Итогом этой «внутренней конкуренции» оказывается то, что любая политеистическая религия отличается от монотеистической куда меньшей степенью интеграции: она представляет не единую, логически связанную систему идей, а набор из множества комплексов идей, относящихся к отдельным богам; связи между этими комплексами довольно слабы. Напротив, любая монотеистическая религия представляет собой куда более четкую систему, сконцентрированную на едином Боге: такая система имеет огромные преимущества в тиражировании. Поклонение единому Богу делает мемплекс компактным и цельным, а также провоцирует неприятие языческих религий, что ослабляет позиции конкурентов. Уже в силу этого монотеистические религии будут более успешны3.
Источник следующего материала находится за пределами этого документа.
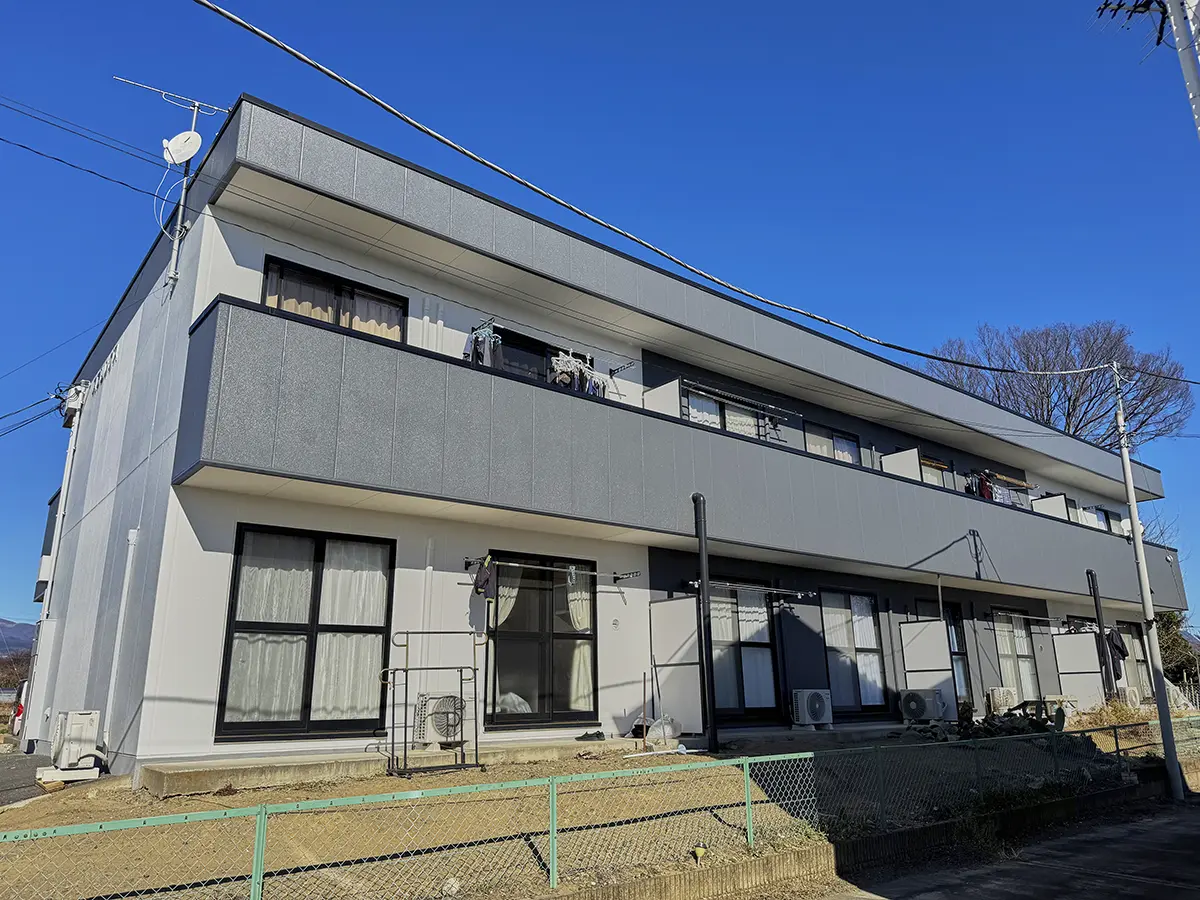 work_springs_after_01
Данное соображение касается не человеческих потребностей в определенных религиозных идеях, а особенностей, связанных с упорядоченностью информации, составляющей мемплекс. Если посмотреть на религию «глазами мема», мы увидим, что многие из традиционных доводов в пользу превосходства монотеизма правильнее было бы трактовать не с точки зрения потребностей человека, а с точки зрения способности религии к самотиражированию. Наднациональность и внесословность расширяют потенциальную аудиторию вероучения; можно ли сказать, что эти черты религии соответствуют интересам людей в большей степени, чем интересам самой религии? Абстрактный характер монотеизма дает более широкие возможности для построения иллюзорных миров и, таким образом, для манипуляции верующим. Подорвать веру политеиста относительно просто: убив священного быка Аписа, Камбиз показал египетским жрецам, что это не бог, а обычное животное4; христианские проповедники жгли священные рощи язычников и разрушали их капища, доказывая разочарованным идолопоклонникам, что их боги слишком слабы, чтобы покарать их за это. А вот опровергнуть существование Бога, у которого нет ни зримого облика, ни места обитания, ни желания наказывать грешников при их жизни, невозможно: в абстрактного и непостижимого Бога готовы верить даже самые просвещенные и критически мыслящие люди. Способность к интеграции верующих также служит не обществу, но прежде всего самой религии: мы видели, в какие надежные и продуктивные «фабрики» умеют собирать мемы своих носителей.

Итак, судя по всему, единобожие является чертой, адаптивной для самой религии. Полагаю, что этим и объясняется его триумф как идеи.